I'm trying to simulate the 13C NMR spectrum of cyclopentane-1,3-dione (PubChem CID: 77466; CAS 3859-41-4; ChemSpider ID: 69875; SDBS No: 15258; SMILES: C1CC(=O)CC1=O
). There are three equivalence classes of carbons: The two directly attached to the oxygens (≈197 ppm, call this class 1), the one carbon between those two (≈105 ppm, call this class 2) and the "other two" (≈31.3 ppm, class 3).
I've been using Gaussian 16 via the guidance provided by Dean Tantillo's group at UC Davis, the chemical shift repository (CHESHIRE) in particular first performing molecular structure optimization at some level (e.g. B3LYP/6-31+G(d,p)) and then calculating shieldings (at mPW1PW91/6-311+G(2d,p) with solvent corrections, scrf=(solvent=chloroform, smd)
). But I keep getting shielding values that are radically off.

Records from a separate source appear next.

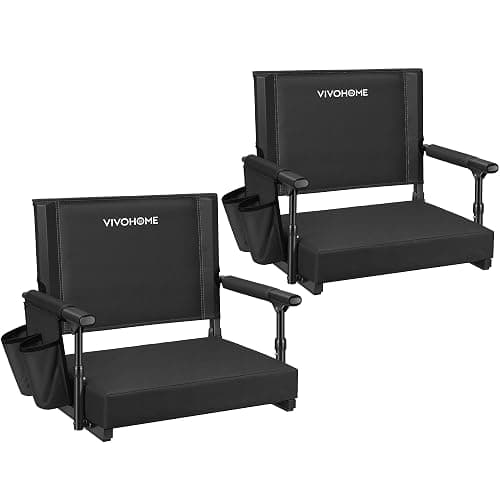 VIVOHOME Stadium Seats with Back Support, Bleacher Chair for Sports Events | Foldable, Easy To Carry, Adjustable Length Shoulder Strap, Two Cup Holders, Armrest, Anti-slip Bottom, Weight Capacity 350 Lb - Image 1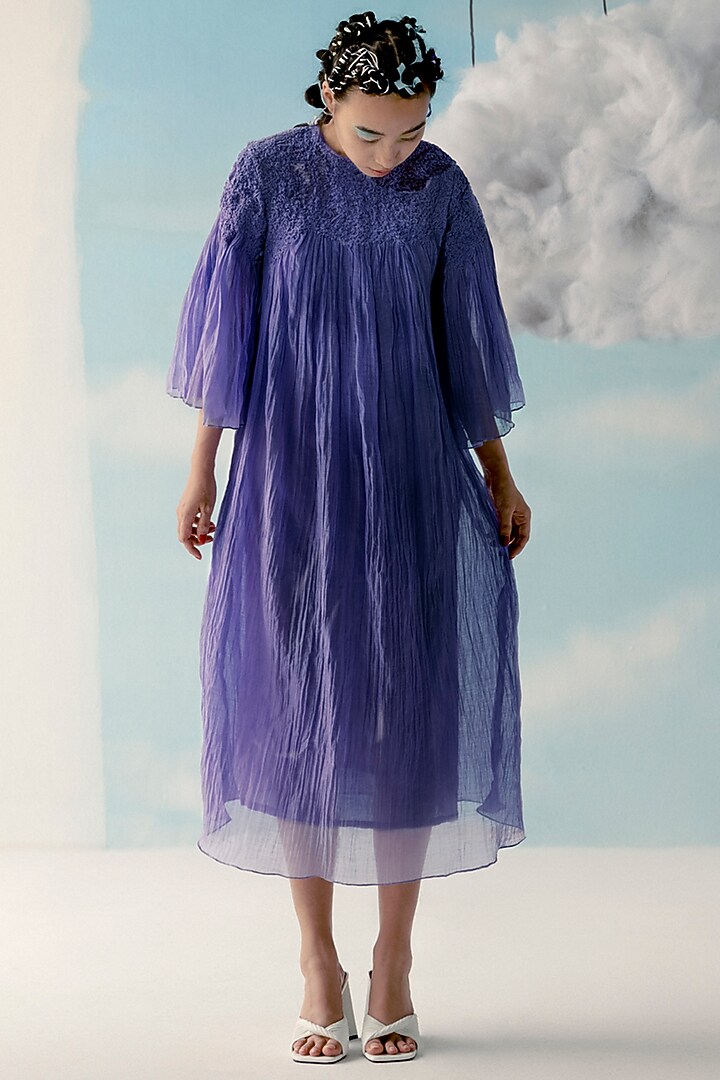 Orchid Chanderi Smocked Summer Dress by ILK by Shikha and Vinita at Pernia's Pop Up Shop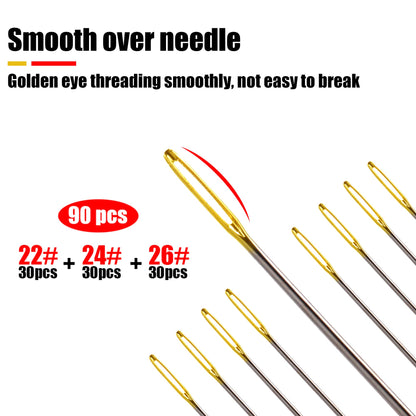 90pcs Cross Stitch Needles +2 Needle Threader Golden Color Large Eyes Cross Stitch DIY Embroidery Hand Needles Sewing Needles in Transparent Box Size 22# 24# 26#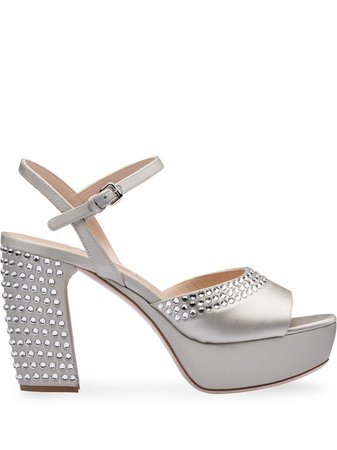 Miu Miu Crystal Embellished Platform Sandals - Farfetch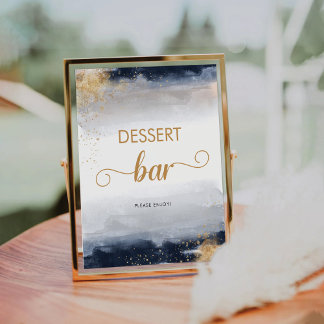 Teken voor Navy en Gouden Baby Shower Dessert Bar Reclamebord Met Voetstuk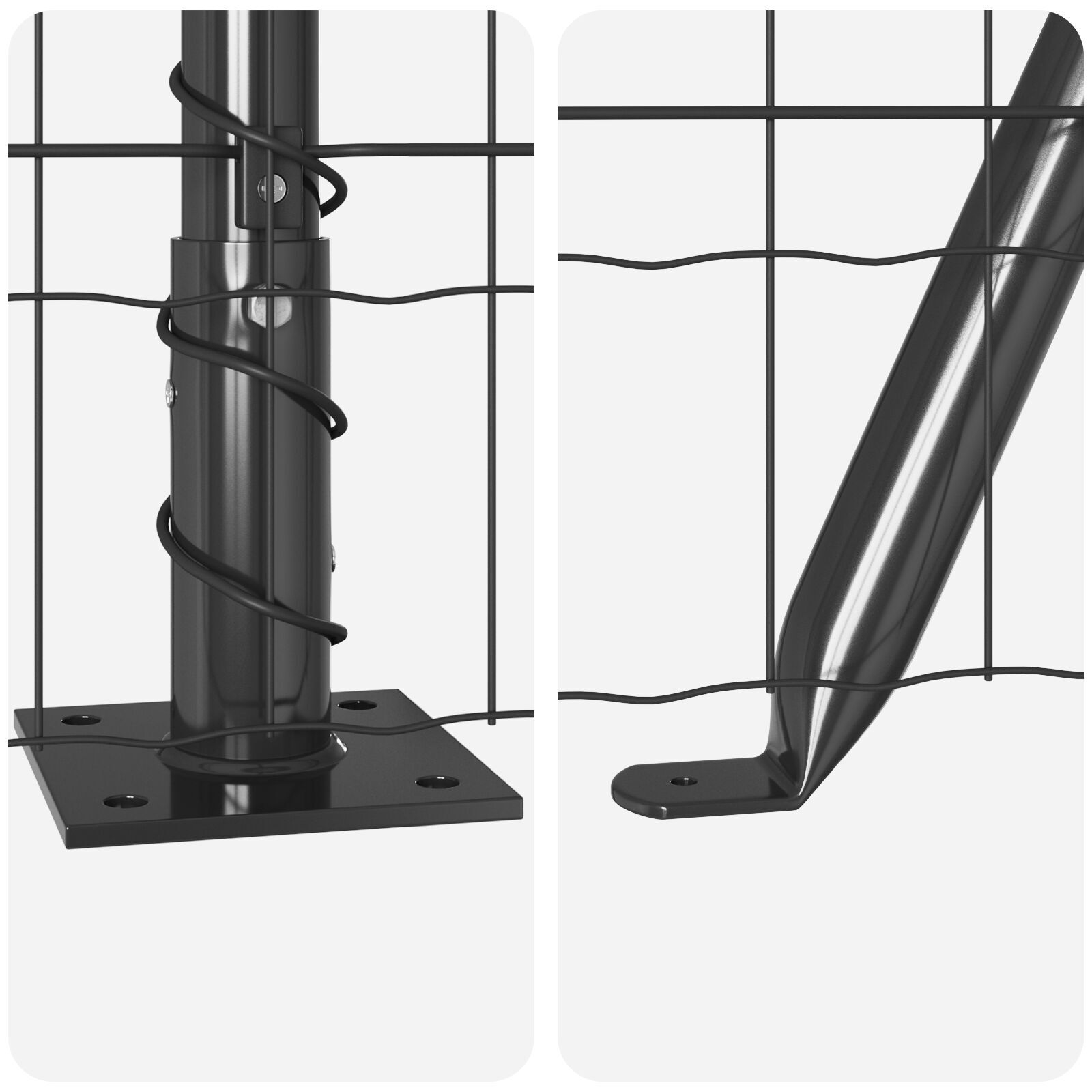 Euro Fence cu 7 Stâlpi Flanșați 0.4x10 m Oțel Galvanizat GartenMobel Dekor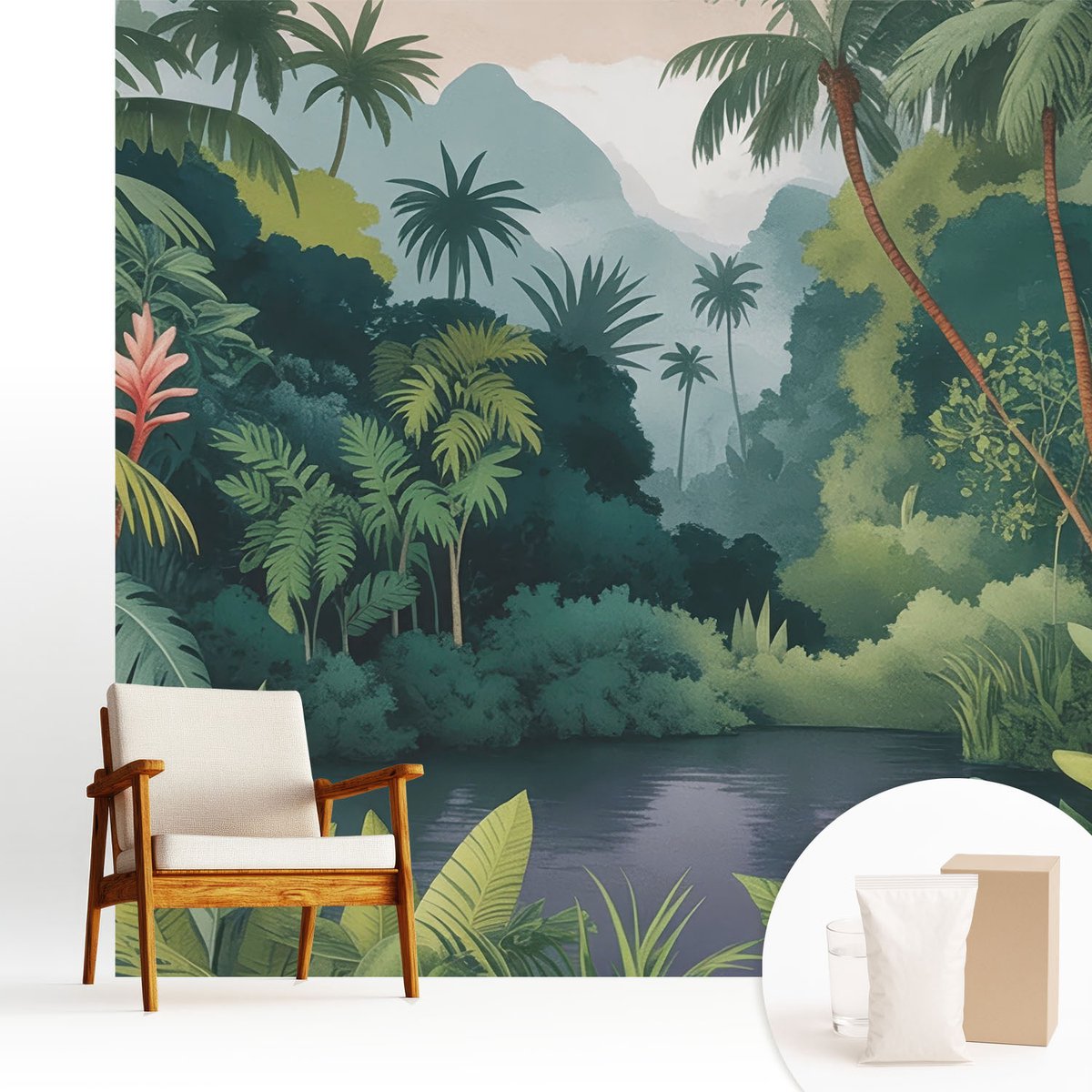 Wallfluent Fotobehang - Groente Vliesbehang - 250x250 cm - Exotisch Landschap Fotobehang Vlies - Hal behang Bloemen En Planten - Muurschildering - Woonkamer behang
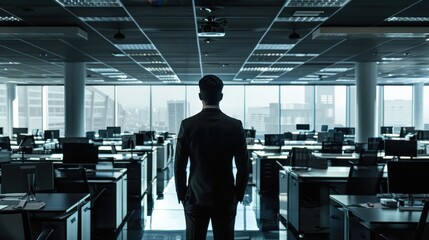 Leinwandbilder - A focused office worker stands still in a spacious corporate workspace, reflecting on a busy day during late afternoon hours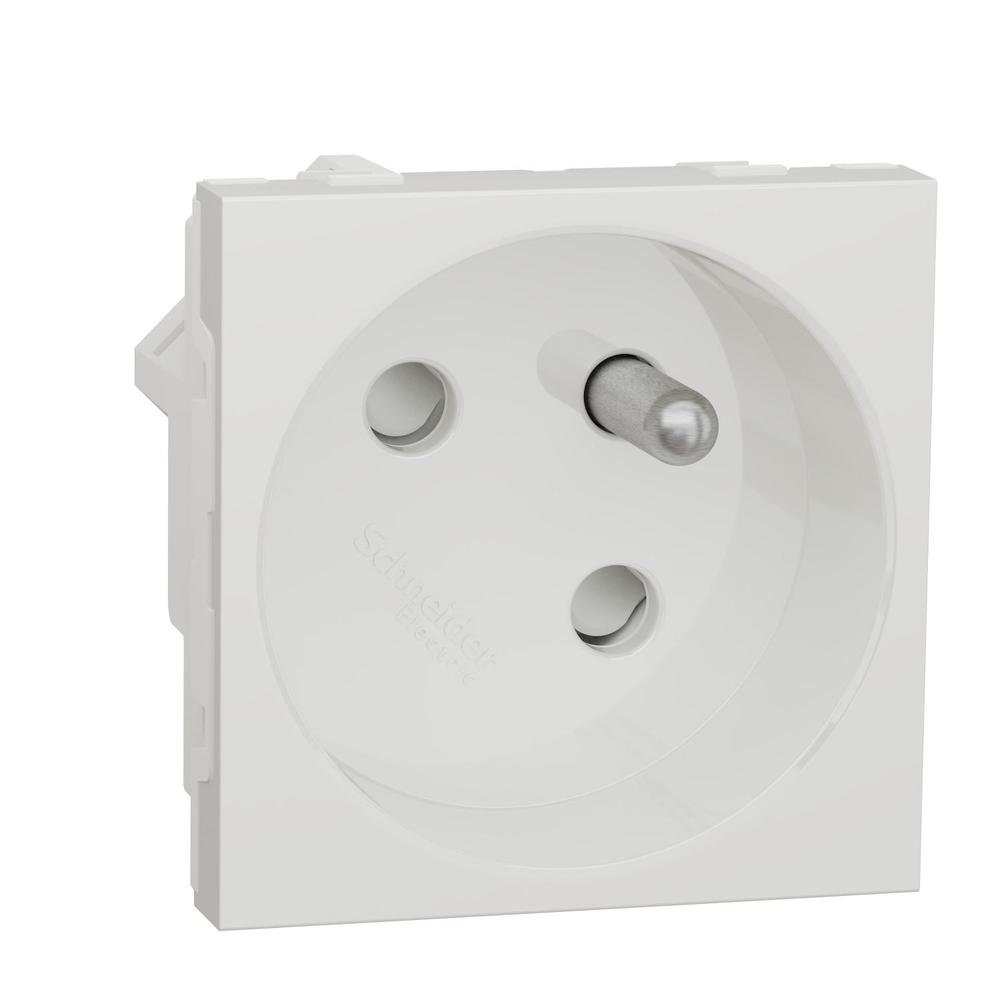 Unica - Zásuvka 45º 250V/16A 2P+E, clonky, bezšroubová, Bílá Antibakteriální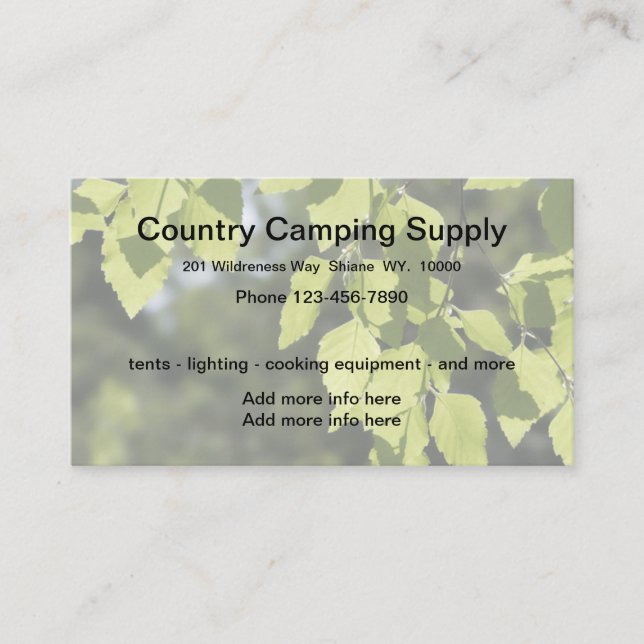 Carte De Visite Matériel De Camping Et Fournitures SU (Devant)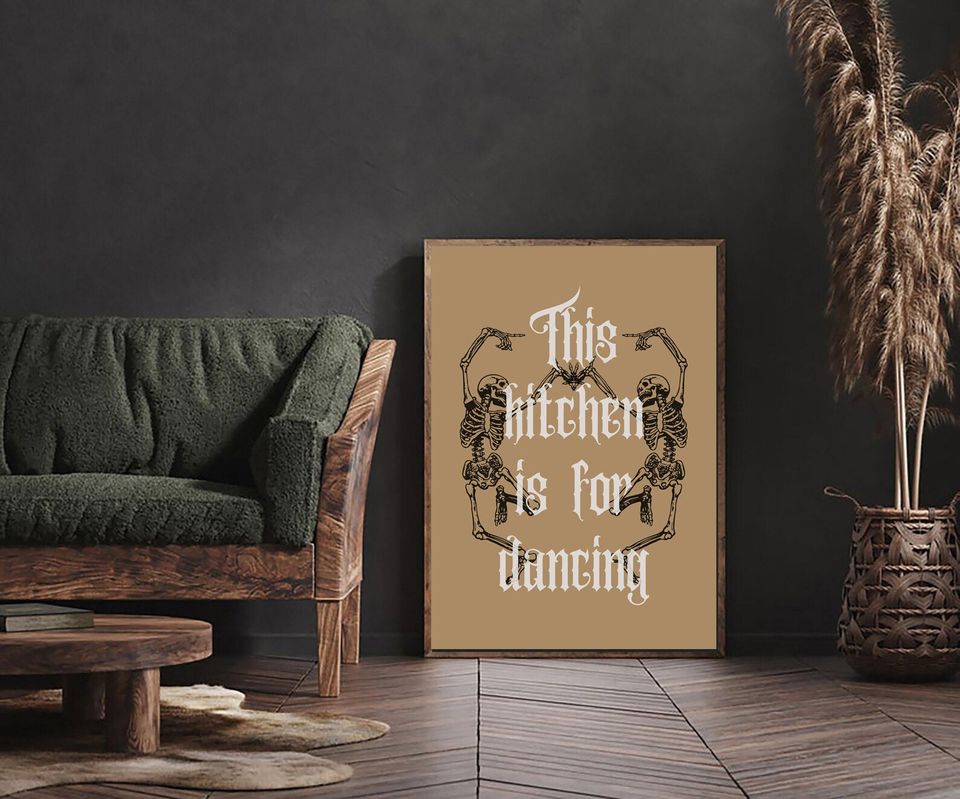 dancing skeletons print | funny halloween decor | spooky wall art
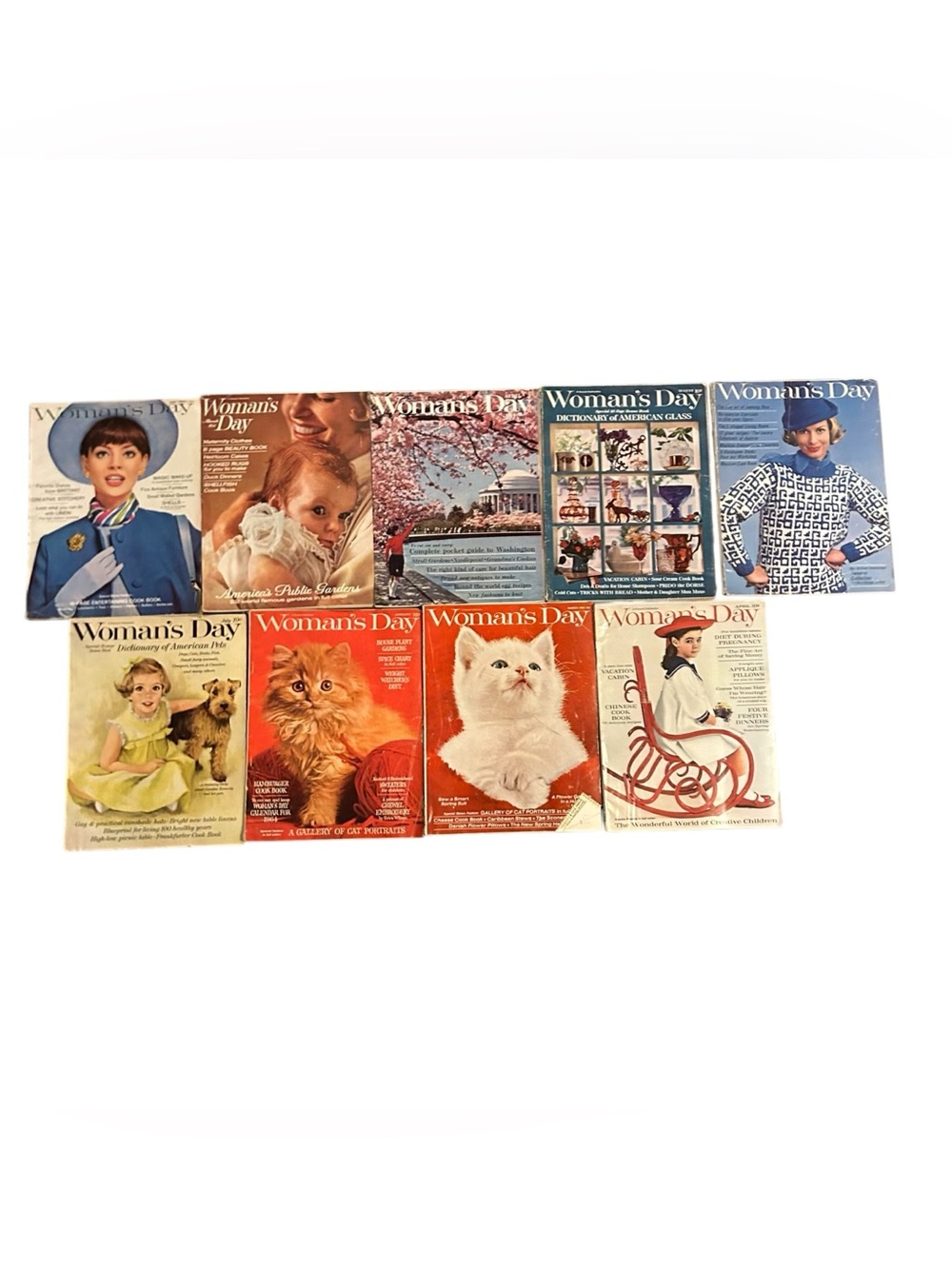 Woman's Day Magazine Lot of 9 1961-1965 Mid Century Modern Ads Vintage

In particular, regardless of the settings I arrive at isotropic shielding values for classes 1, 2, 3, of ≈-34, ≈136, ≈144. Now of course observed chemical shifts and shieldings are often related by a linear scaling, per the Tantillo group's work (and others), which means that it's very odd that classes 2 & 3 here (the non-Oxygen-attached carbons) have nearly identical shielding values.
I am new to chemistry and DFT methods, so I worry I might be something wrong, but it might also be the case that this is just a "hard" molecule for DFT methods to get right. I wanted to know:
Are there any higher levels of theory that I should try / better methods for shielding calculation that would be worth assessing?
Is there any way of analyzing the output from Gaussian16 to get a hint that things might be going awry?
Is there something that just makes this a "hard" molecule to calculate? I get the impression that the contributions in liquid state from various rotamers, etc. is relatively minor as it seems quite rigid (although I have not quantified this).